Конечно, новыми были для меня и впечатления о людях, с которыми теперь столкнула судьба. Хорошо запомнился командующий армией, генерал-майор Николай Григорьевич Штыков, человек очередных «разносов» (похоже, только из них его деятельность и состояла), переходил на грубости и унижение человеческого достоинства. Почти всегда, когда подходишь к его кабинету, чувствуешь, что «в воздухе пахнет грозой» и будто опять над тобой дамоклов меч.

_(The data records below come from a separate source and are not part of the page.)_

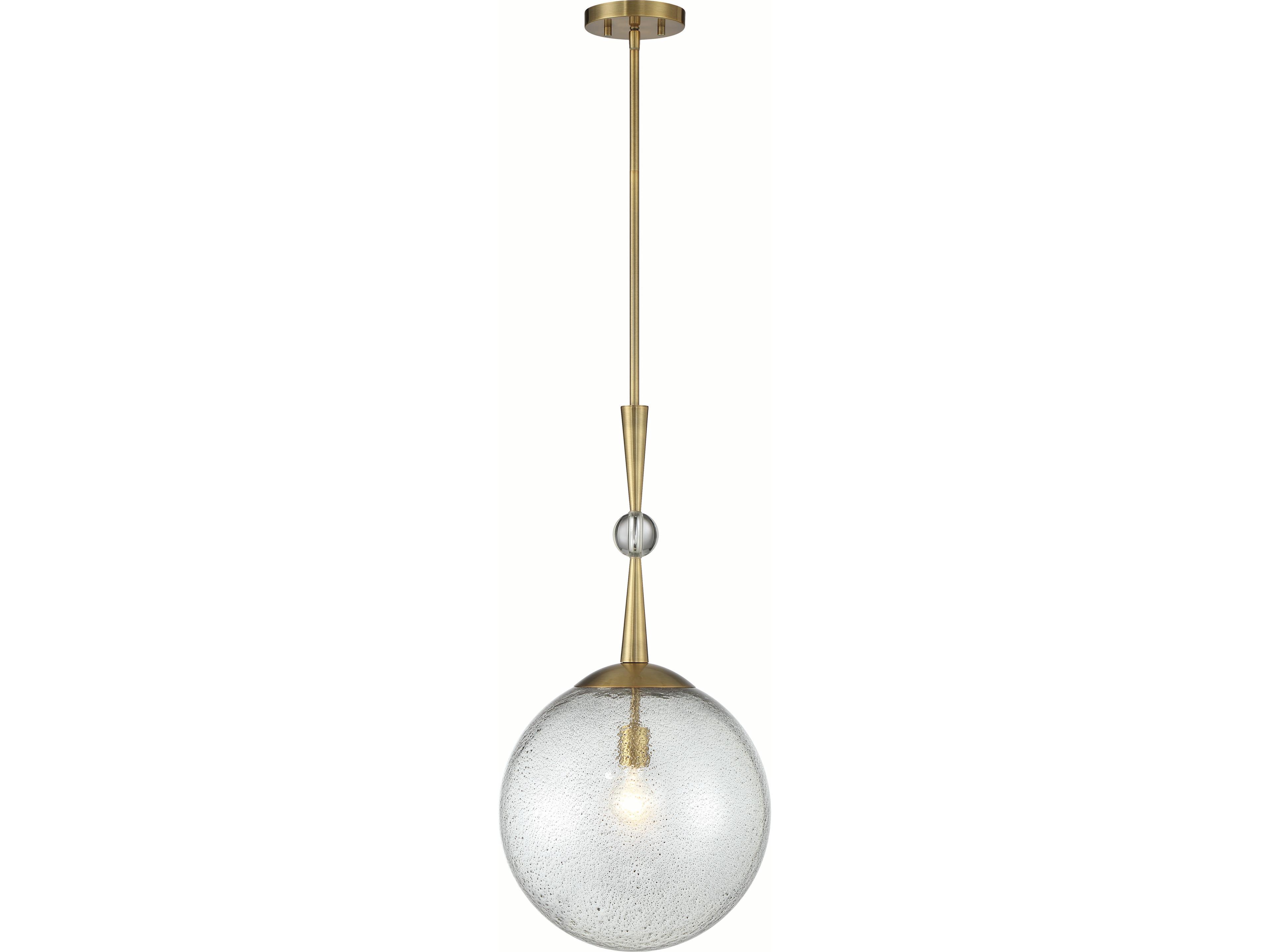 Populuxe 1-Light Oxidized Aged Brass Glass Pendant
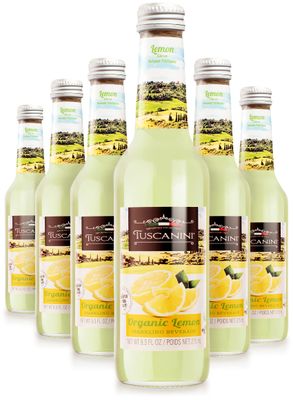 Tuscanini Organic Cold Pressed Sparkling Lemon Soda (6 Pack) Contains 16% Real Juice! No Food Coloring or Artificial Flavors, Product of Italy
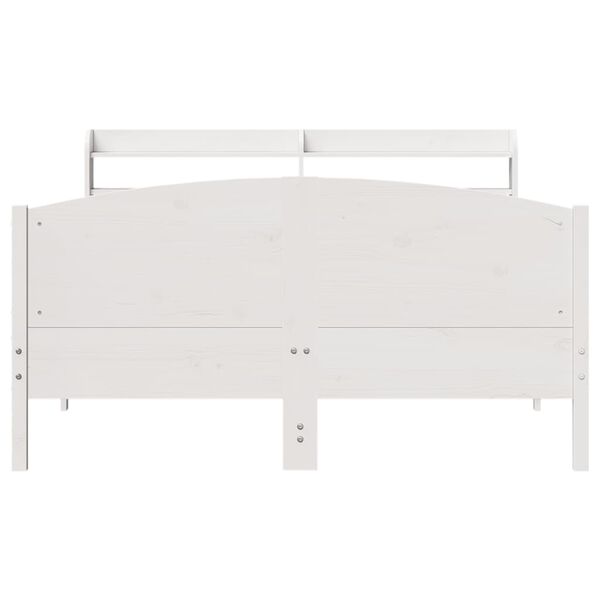 vidaXL Bed Frame without Mattress White 120x190 cm Small Double Solid Wood Pine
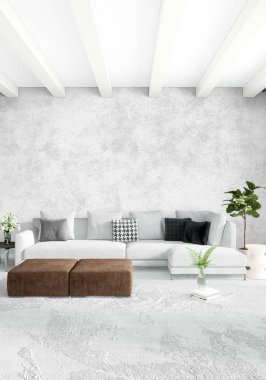 Beyaz yatak odası en az stil iç tasarım ahşap duvar ve gri Kanepeli. 3D render.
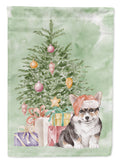 Corgi Puppy Christmas Presents and Tree House Flag 28x40 Porch Sleeve Pole Decorative Outside Yard Banner Artwork Wall Hanging, Polyester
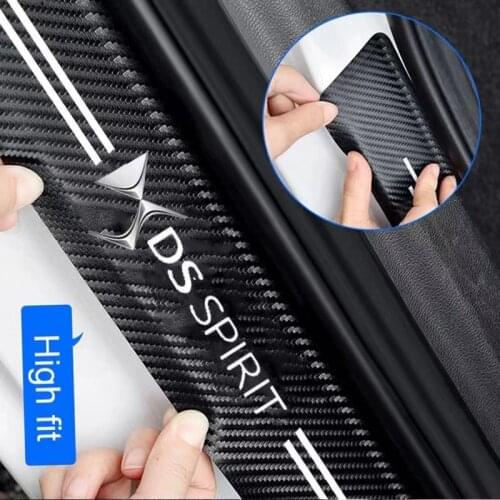 For DS SPIRIT DS3 DS4 DS4S DS5 5LS DS DS6 DS7 Car Carbon fiber stripe Door Sill Leather Decals Car logo Stickers accessorie 4PCS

Совсем недавно я нашел в Интернете материал, в какой-то степени объясняющий эту особенность характера Николая Григорьевича. В конце войны он командовал воздушно-десантным полком, а тогда десантники действовали как пехотинцы. Этому полку было приказано взять замок Кенигштайн недалеко от Дрездена, на одноименной горе на левом берегу Эльбы. Когда подполковнику Штыкову доложили, что батальоны полка готовы к атаке, а артиллеристы полковой артиллерии — к открытию огня по противнику, Штыков дал команду, но не ту, которую от него ждали штурмовые группы. Команда была: «Огня не открывать!» А сам он, привязав к штыку карабина белый платок, взяв с собой двух автоматчиков, направился к замку, каждую секунду ожидая выстрелов из его амбразур.

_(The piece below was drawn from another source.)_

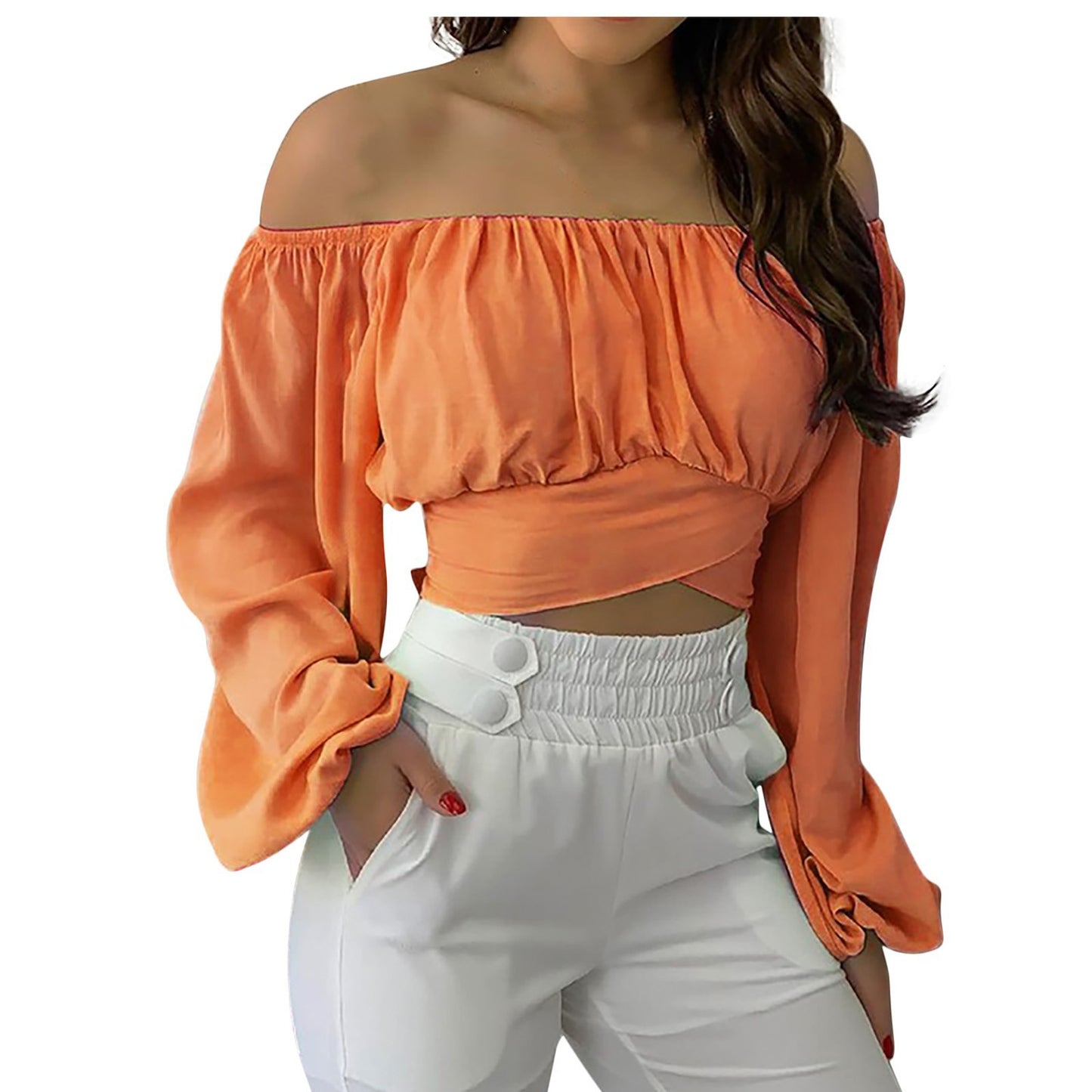 Sexy Off The Shoulder Midriff Baring Summer Short Tops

Но выстрелов не последовало. При подходе малочисленной группы Штыкова к воротам крепости командир немецкого гарнизона протянул Н.Г. Штыкову символические ключи от замка. 15 офицеров, 35 унтер-офицеров и 115 солдат сдали оружие (автоматы, пулеметы и карабины).
Своими рискованными для собственной жизни действиями комполка Штыков спас многих своих подчиненных, могущих погибнуть при штурме этой очень укрепленной цитадели, архитектурные сокровища и ценности. Однако этот его подвиг был, видимо, недостаточно высоко оценен вышестоящим командованием, что как-то повлияло на его и так решительный характер.

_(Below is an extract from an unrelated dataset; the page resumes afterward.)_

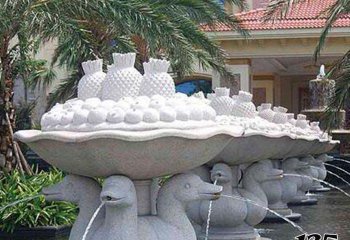 天鹅雕塑-别墅水中喷水吐水的汉白玉天鹅雕塑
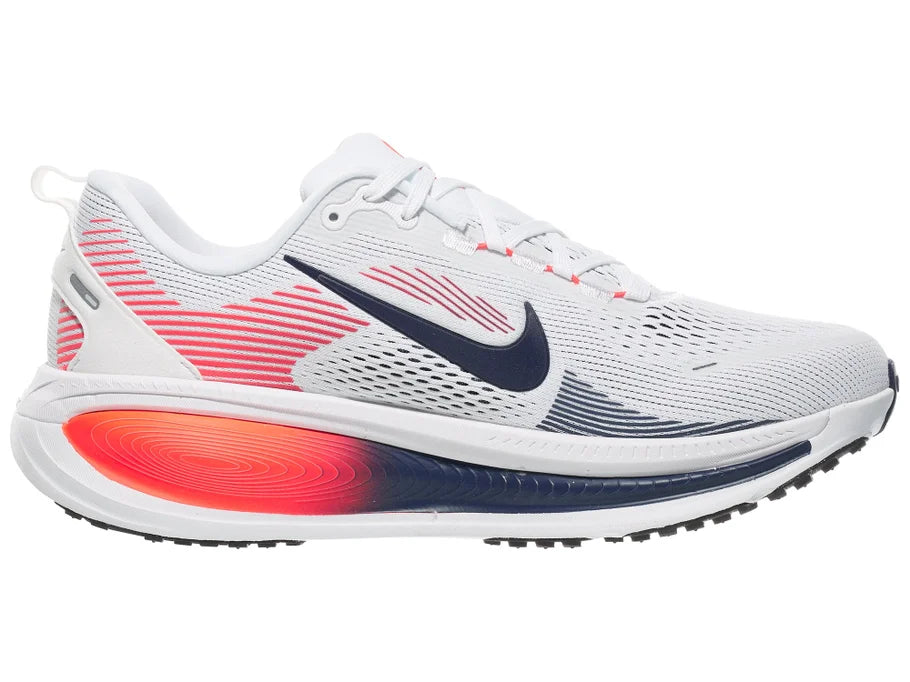Men's Nike Vomero 18. White upper. Red midsole. Medial view.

Но его заместитель, Герой Советского Союза генерал-майор Баталов Григорий Михайлович — человек совершенно другого плана, внимательный, доброжелательный. Зная характер командующего, он мне как-то сказал: «Если дело терпит, подожди, когда за командующего останусь я или генерал Марущак, тогда приходи, обсудим, решим». Так иногда я и делал.
Невольно вспоминались фронтовой командарм А.В. Горбатов, командующий ВДВ генерал Маргелов, наш «Дядя Вася», да и многие наши фронтовые и послевоенные генералы, сохранявшие уважение к подчиненным, даже наказывая за оплошности.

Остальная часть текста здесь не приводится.